NCRS has a judging format for modified cars now. :biggthumpup:

I'd also replace the tank.

We'll be following along Lynn!

67since67
04-08-2024, 03:36 PM
Happy to see I'm not alone in the "old guy doing a body off" restoration.


You and Lynn aren't alone Mitch...I'm on the home stretch of a "body off" and have another one waiting in the queue. Time in the shop keeps me young. - Bill W

Too Many Projects
04-08-2024, 04:31 PM
You and Lynn aren't alone Mitch...I'm on the home stretch of a "body off" and have another one waiting in the queue. Time in the shop keeps me young. - Bill W
I have another waiting also. I tell myself the shop "exercises" keep me young too, but the body complains in the evenings...:tongue:

Lynn
04-08-2024, 09:14 PM
You and Lynn aren't alone Mitch...I'm on the home stretch of a "body off" and have another one waiting in the queue. Time in the shop keeps me young. - Bill W

I agree Bill.

Lynn
04-12-2024, 10:27 PM
I was shocked to learn that all of the body mount bushings are solid aluminum. I learned that before removing the body, so at least I wasn't surprosed.

Using a mic, they don't seem to be the same sizes. But.... most of them are corroded and swollen.

Were they all the same size or was there some procedure to determine how thick if a bushing to use at each mount? Forgive me if this is in the Assembly Manual.
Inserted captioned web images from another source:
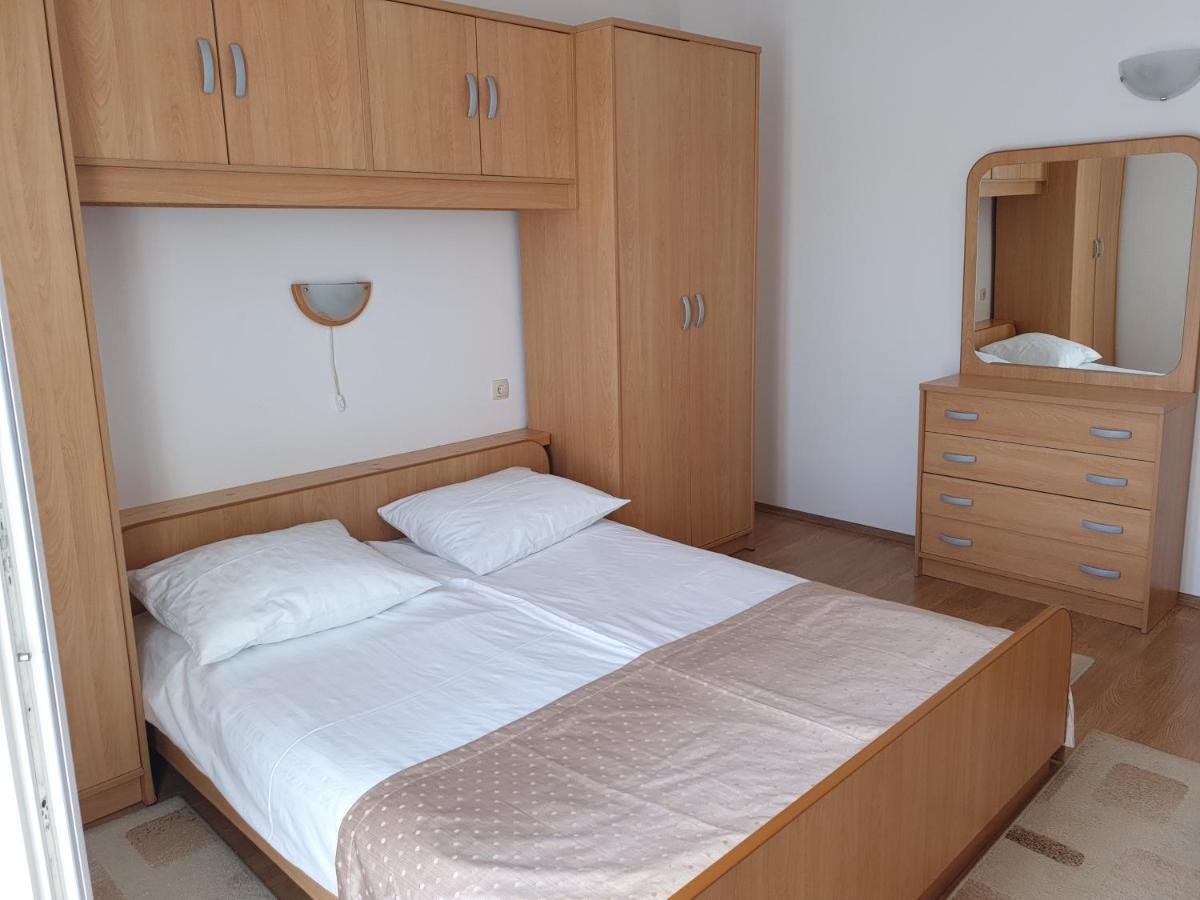 Apartmani I Sobe Jusic Ραμπ Εξωτερικό φωτογραφία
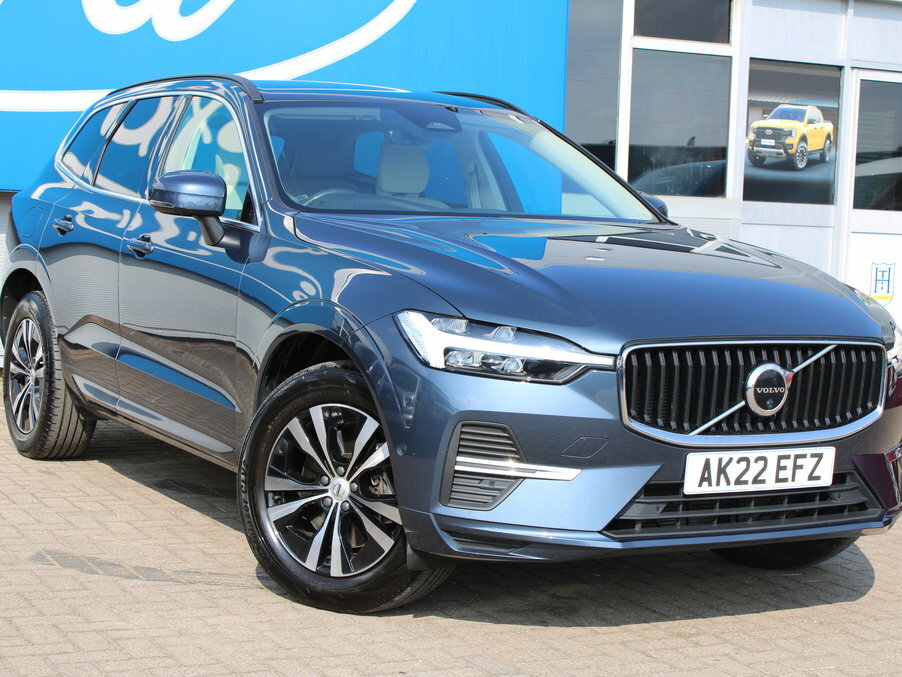 Volvo XC60 2.0 B5p Momentum Geartronic Blue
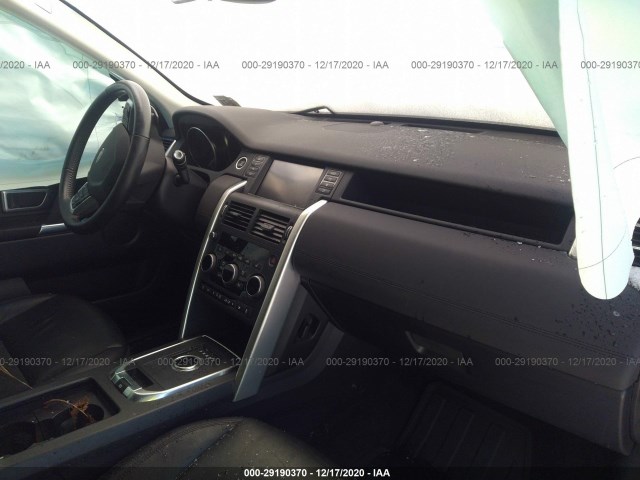 SALCP2RX7JH748115 BC 9512 OA - Land Rover Discovery 2017 IMG - 5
I have one, but it is down at the shop right now. Too lazy to go look.

Also, because the body was not built by Fischer, the Assy Manual is about four times the size of the Camaro AIM!!!!

Next question: is it simply anathema to use hard rubber bushings instead of aluminum? Seems like the aluminum would contribute to squeaks and rattles. You know, the Opel GT of the 60s and the C3 were designed by the same guy. I am shocked every time I drive them back to back how much more solid the Opel feels than the Corvette. That is sad.

Oldss
04-13-2024, 12:46 AM
Lynn,
Would just the size and weight of the Corvette vs. the Opel alone make it feel that much more stiff?? Never driven an Opel, but the pic shows a big difference in size.

LT1vette
04-13-2024, 02:49 AM
Were they all the same size or was there some procedure to determine how thick if a bushing to use at each mount? Forgive me if this is in the Assembly Manual. I have one, but it is down at the shop right now. Too lazy to go look.

Not an easy task you are getting yourself into. There are shims at each body mount. When you remove the body mount, DON"T lose the shims. Record and count each position. The same amount will have to go back in the same spot when you install the body back on the frame..

Lynn
04-13-2024, 03:16 AM
I have them each marked. Some are incomplete.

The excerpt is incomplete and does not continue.